I have a gambrel roof. At the transition slopes (from 4/12 to 20/12 pitch) I have a leak. I just recently had the roof reshingled. The old ripped off and new felt as welll as shingles. They did not put in any flashing on the transition edge and that's where the leak seems to start. How would I go about repairing this? My first thoughts are: to tear off the first row of shingles above the transition edge, then cut the felt and wedge my way up under the felt with tin flashing. And bring the flashing down on top of the first row of shingles after the transition slope. Any help! I am having a problem with this one!


----------



## seeyou (Dec 12, 2008)

Rfactor said:


> I have a gambrel roof. At the transition slopes (from 4/12 to 20/12 pitch) I have a leak. I just recently had the roof reshingled. The old ripped off and new felt as welll as shingles. They did not put in any flashing on the transition edge and that's where the leak seems to start. How would I go about repairing this? My first thoughts are: to tear off the first row of shingles above the transition edge, then cut the felt and wedge my way up under the felt with tin flashing. And bring the flashing down on top of the first row of shingles after the transition slope. Any help! I am having a problem with this one!

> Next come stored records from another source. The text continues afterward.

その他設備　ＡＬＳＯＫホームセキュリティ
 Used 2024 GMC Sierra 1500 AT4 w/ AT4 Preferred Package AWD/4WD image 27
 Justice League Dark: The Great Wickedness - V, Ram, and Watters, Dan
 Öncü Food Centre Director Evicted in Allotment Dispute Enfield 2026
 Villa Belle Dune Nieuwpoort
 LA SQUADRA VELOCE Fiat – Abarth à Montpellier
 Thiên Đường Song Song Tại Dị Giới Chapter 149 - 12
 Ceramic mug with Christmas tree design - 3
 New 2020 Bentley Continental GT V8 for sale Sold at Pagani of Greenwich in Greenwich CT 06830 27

You've got it figured out, except it seems like the roofers that didn't do it right ought to be the ones doing it.


----------



## myfourseasons (Apr 25, 2011)

Start repair with a thin-bladed pry bar, lifting the sealed edges of undamaged neighboring shingles so can pull out the broken ones. Carefully bend back the good shingles along the top of the damaged area, scratch out the remains of any dead shingles. Pull all visible nails. You should be left with the damaged area now completely free of bad shingles.



​


----------